U) A única leitura que se poderá fazer do texto da lei é, portanto, a de que, ou a Administração adopta medidas preventivas, sendo estas que funcionam, ou não as adopta (porque facultativas), ou cessa a sua vigência, devendo, apenas nestes casos, funcionar a medida cautelar prevista no artigo 117.º que reveste, assim, a natureza de medida cautelar supletiva.

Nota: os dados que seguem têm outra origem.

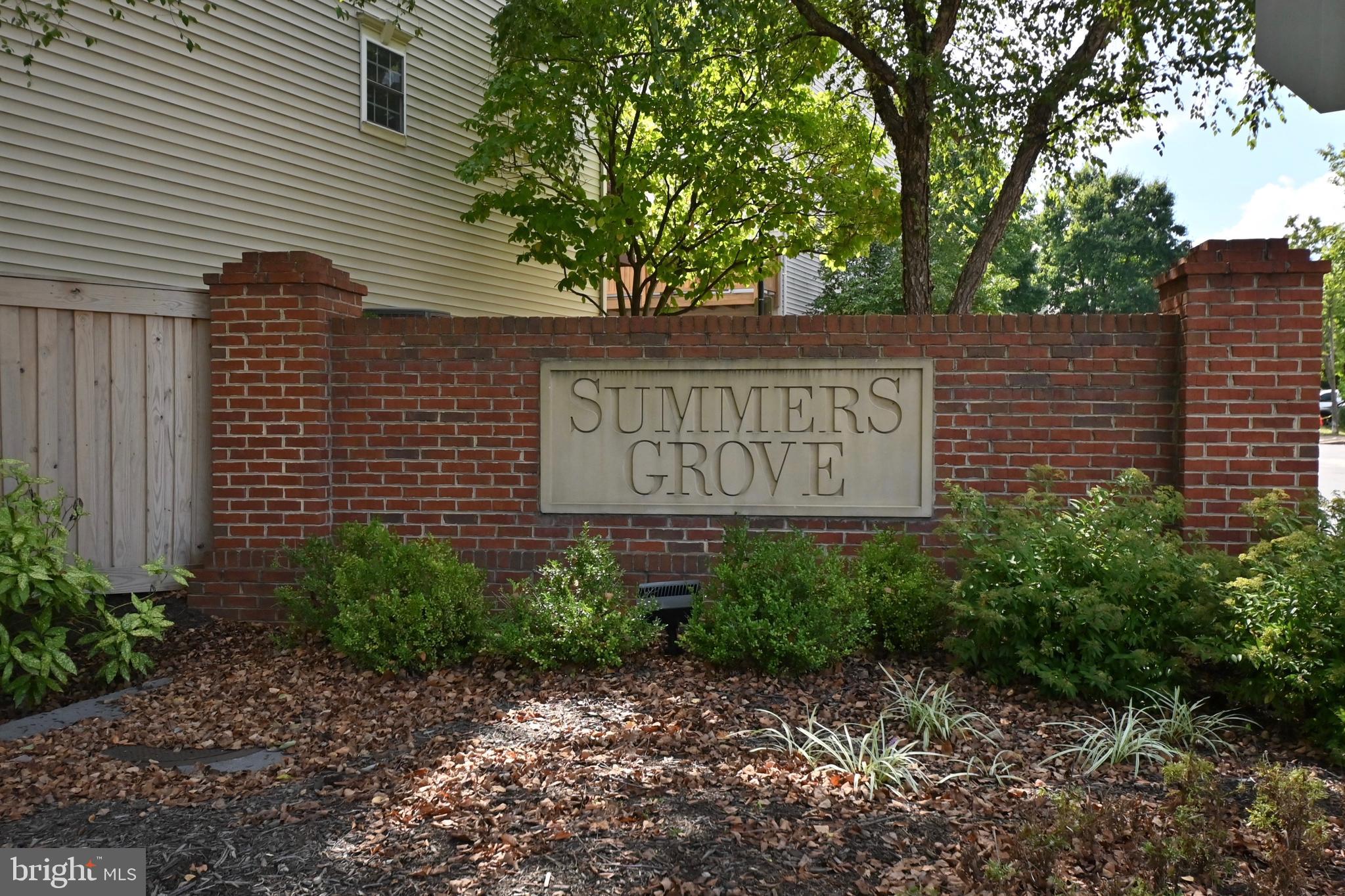 998 HARRISON CIRCLE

V) Ora, tendo em consideração que, no caso da revisão do PDM do Porto, foram adoptadas medidas preventivas tendentes a garantir o efeito útil do futuro plano, e que estas não caducaram (porque nada foi determinado a este respeito) aquando da abertura da fase da discussão pública do mesmo, então terá de se concluir que eram estas as medidas que se encontravam em vigor para acautelar o futuro plano, não funcionando, então, o disposto no artigo 117º do DL n.º 380/99, de 22/9.

W) Naquelas hipóteses em que, embora tendo sido adoptadas medidas preventivas, estas venham a caducar (cessação da respectiva vigência), recobra razão de ser a suspensão dos procedimentos, que se deverá manter, para a salvaguarda do plano em revisão e nos termos do artigo 117.°, n.º 1, até à entrada em vigor do PDM ou até ao limite máximo de 150 dias desde a caducidade das medidas preventivas.

X) Esta foi, precisamente, a solução encontrada pelo Recorrido para salvaguarda do futuro Plano, concretizada na aprovação da deliberação da CMP de 13/9/05.

Y) Ao ignorar esta realidade, o Tribunal "a quo" aplicou erradamente o disposto nos arts. 112º e 117º do DL n.º 380/99, de 22/9 e no art.º 13º do RJUE.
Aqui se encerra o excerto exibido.